(Beginning of RECORDS)
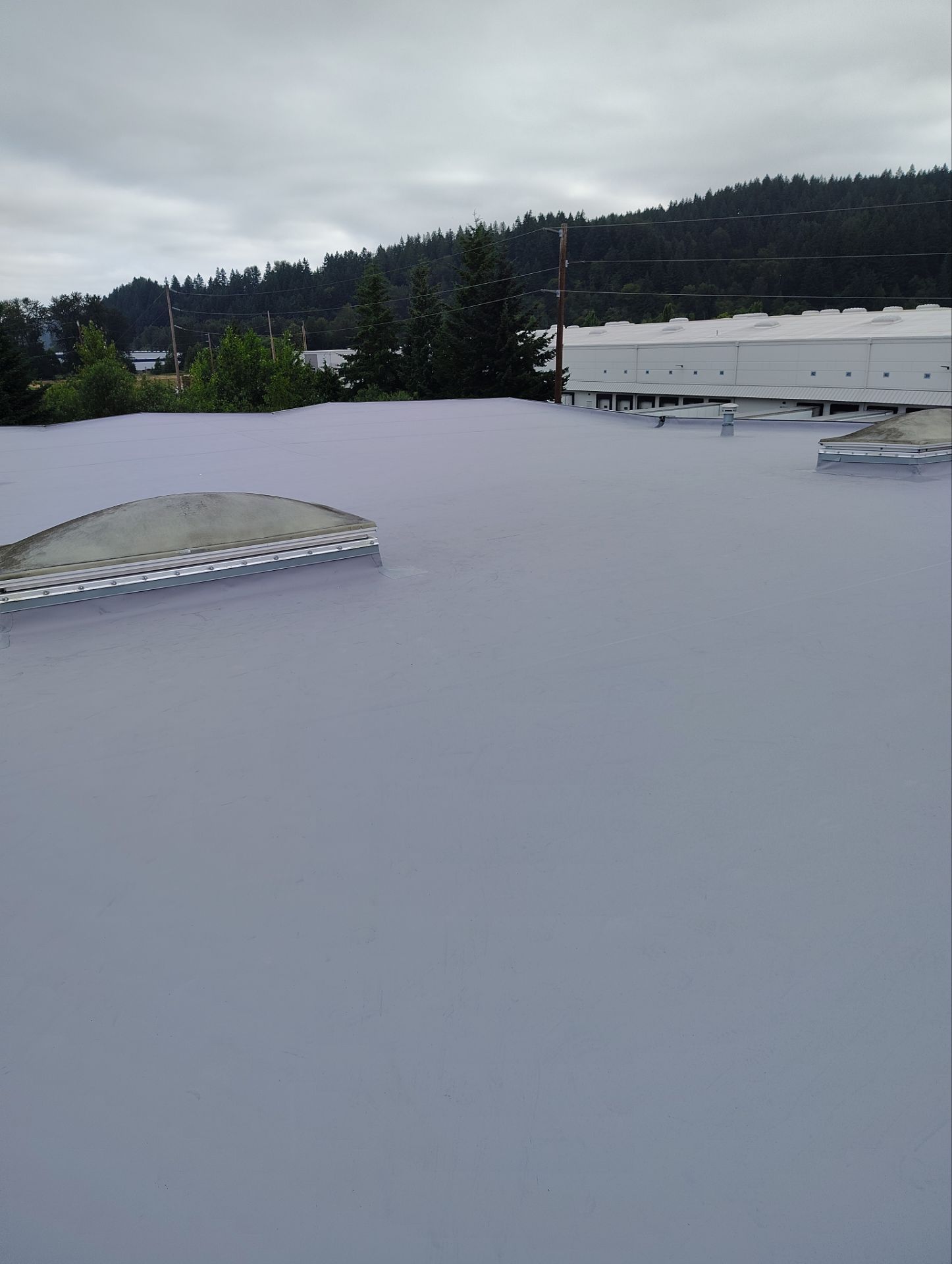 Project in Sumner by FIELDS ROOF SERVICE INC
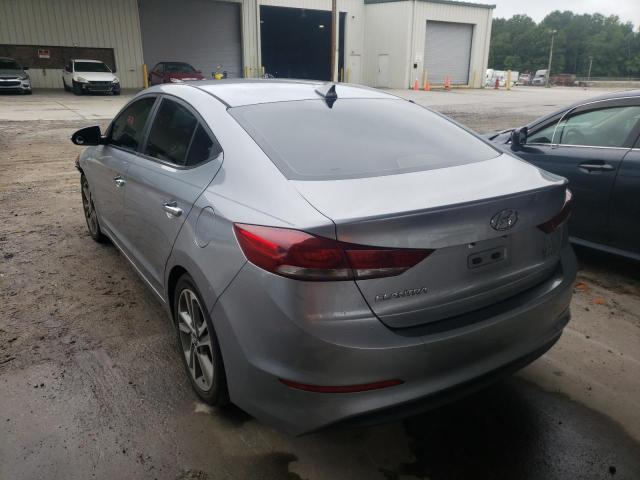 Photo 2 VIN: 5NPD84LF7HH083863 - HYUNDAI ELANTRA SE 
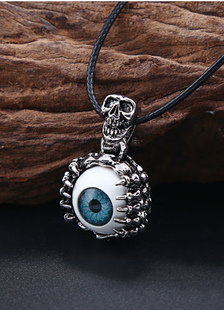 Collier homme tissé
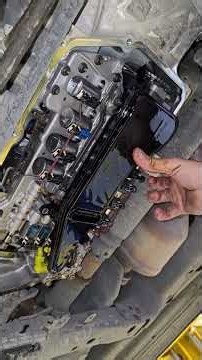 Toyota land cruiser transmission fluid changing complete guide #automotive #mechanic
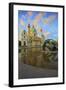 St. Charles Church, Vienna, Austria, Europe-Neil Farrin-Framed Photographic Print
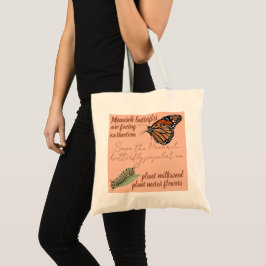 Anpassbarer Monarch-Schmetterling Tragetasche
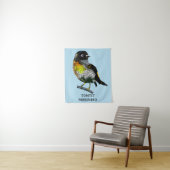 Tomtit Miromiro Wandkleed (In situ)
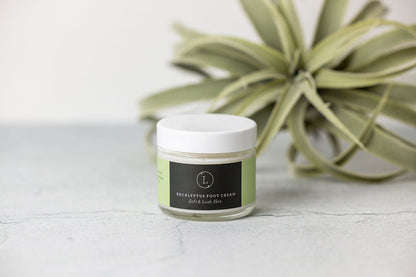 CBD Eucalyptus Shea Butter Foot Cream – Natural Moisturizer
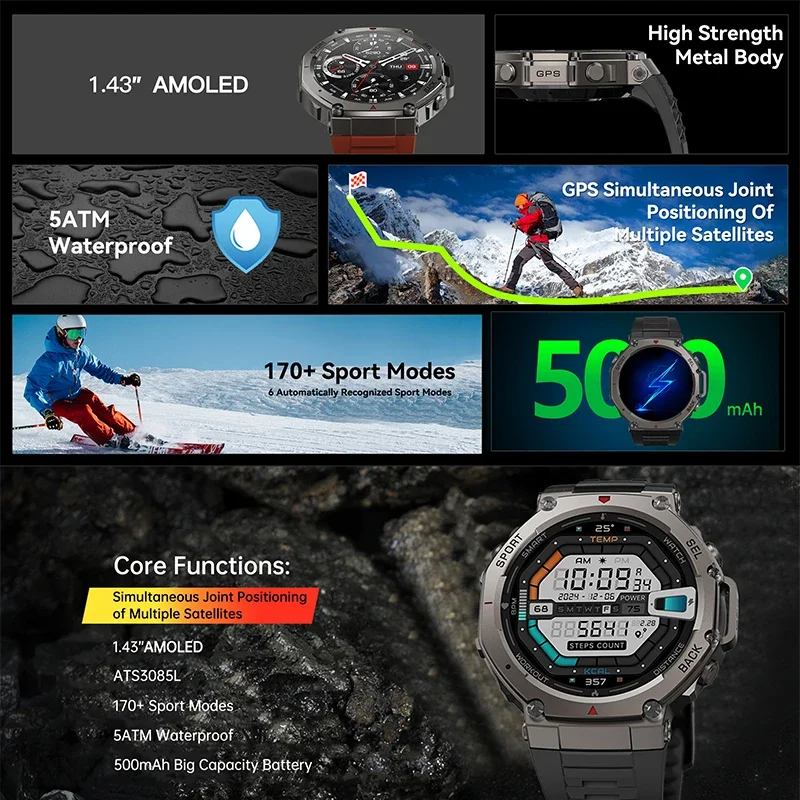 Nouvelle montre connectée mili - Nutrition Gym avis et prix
(End of RECORDS)
*EXERCISE GOAL:* Lines from the one containing "Tomtit Miromiro Wandkleed (In situ)" through the end of the entries above, both included, are to be written out exactly; no pictures and no other lines.

*RESULT OF THE EXERCISE:*
 Tomtit Miromiro Wandkleed (In situ)
 CBD Eucalyptus Shea Butter Foot Cream – Natural Moisturizer
 Nouvelle montre connectée mili - Nutrition Gym avis et prix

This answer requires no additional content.